During neurogenesis, a temporal sequence of master transcription factors controls the progression of neural development. The sex-determining region Y-box transcription factor 1 (Sox1) is amongst the first transcription factors induced during neural development in xenopus14, chicken15, rodents16, and humans17. In mice, Sox1 shows strong and specific expression in neuro-epithelial cells18,19, the progenitors of all neural cells. Sox1 has some sequence identity (51%) to Sox2, but unlike its paralog it is not expressed in pluripotent cells and only becomes detectable in the newly formed neuroectoderm around the onset of somitogenesis20. Shortly thereafter, Sox1 expression disappears, except in the adult neural stem cell niches of the hippocampus and the adult subventricular zone, where it marks a population of progenitor cells with long-term neurogenic potential21. Interestingly, Sox1-positive NSCs can be propagated only poorly in vitro, as cultured cells irreversibly lose Sox1 expression22. This conversion coincides with a progressive loss of neuronal differentiation potential and parallels the natural development in vivo. Despite its undeniable relevance as an early lineage marker, the functional roles of Sox1 are, compared to its paralogs Sox2, Sox9, Sox10 and Sry, still poorly understood23.

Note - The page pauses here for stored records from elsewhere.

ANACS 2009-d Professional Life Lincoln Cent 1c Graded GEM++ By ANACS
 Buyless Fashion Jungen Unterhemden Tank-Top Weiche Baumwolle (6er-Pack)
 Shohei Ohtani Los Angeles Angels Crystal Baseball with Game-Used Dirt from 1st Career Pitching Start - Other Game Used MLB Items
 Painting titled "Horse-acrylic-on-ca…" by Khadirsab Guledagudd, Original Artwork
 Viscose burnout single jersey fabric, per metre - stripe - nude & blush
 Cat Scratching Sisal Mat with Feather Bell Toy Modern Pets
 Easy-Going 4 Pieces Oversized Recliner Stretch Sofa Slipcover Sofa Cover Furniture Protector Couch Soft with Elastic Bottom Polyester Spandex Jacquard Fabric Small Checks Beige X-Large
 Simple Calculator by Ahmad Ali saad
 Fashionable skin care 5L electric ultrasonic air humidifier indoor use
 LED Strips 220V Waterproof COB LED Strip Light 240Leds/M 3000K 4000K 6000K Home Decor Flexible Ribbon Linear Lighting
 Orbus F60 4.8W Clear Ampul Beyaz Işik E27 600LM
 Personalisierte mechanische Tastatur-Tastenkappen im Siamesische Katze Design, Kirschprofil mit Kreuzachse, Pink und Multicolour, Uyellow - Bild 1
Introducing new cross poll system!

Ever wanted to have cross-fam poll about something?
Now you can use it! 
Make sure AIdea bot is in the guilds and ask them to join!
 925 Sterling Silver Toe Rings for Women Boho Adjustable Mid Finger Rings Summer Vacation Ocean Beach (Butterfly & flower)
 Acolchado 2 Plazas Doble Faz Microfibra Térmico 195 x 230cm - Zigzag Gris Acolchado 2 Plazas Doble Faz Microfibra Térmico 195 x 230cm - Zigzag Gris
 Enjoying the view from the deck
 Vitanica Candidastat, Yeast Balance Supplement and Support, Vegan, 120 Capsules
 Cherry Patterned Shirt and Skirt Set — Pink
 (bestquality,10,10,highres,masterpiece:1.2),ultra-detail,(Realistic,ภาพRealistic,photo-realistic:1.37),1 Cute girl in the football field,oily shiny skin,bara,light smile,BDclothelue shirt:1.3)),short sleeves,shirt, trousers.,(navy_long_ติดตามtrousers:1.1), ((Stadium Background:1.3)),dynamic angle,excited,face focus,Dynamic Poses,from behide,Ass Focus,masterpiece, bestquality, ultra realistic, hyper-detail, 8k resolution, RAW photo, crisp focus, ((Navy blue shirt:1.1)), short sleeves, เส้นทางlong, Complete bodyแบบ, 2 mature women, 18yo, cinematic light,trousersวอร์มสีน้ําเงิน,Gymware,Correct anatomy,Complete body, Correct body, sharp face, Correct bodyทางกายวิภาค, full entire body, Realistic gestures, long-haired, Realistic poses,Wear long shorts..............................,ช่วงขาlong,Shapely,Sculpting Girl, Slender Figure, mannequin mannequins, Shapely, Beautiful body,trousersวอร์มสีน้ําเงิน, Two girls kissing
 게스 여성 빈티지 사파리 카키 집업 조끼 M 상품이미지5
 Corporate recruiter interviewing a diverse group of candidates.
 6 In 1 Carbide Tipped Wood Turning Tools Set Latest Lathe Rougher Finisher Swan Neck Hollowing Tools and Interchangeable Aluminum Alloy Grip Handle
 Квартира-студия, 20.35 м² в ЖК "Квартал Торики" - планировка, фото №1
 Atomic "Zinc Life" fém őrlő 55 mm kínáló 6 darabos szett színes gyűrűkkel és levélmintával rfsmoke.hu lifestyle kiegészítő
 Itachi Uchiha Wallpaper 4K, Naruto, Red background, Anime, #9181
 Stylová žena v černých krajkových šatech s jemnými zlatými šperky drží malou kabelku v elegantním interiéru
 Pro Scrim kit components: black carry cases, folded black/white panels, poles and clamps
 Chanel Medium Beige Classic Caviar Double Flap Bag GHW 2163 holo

Here we show that Sox1 is a master cell identity factor: the induction of its endogenous gene copy restores the neuronal differentiation potential of glial progenitor cells. Moreover, chromatin features, in particular DNA methylation at its promoter, tightly control the capability of Sox1 to be trans-activated. By combining epigenome editing and transcriptional engineering, we demonstrate that the selective removal of this barrier increases the number of responsive cells significantly, proving the causal role of the chromatin mark.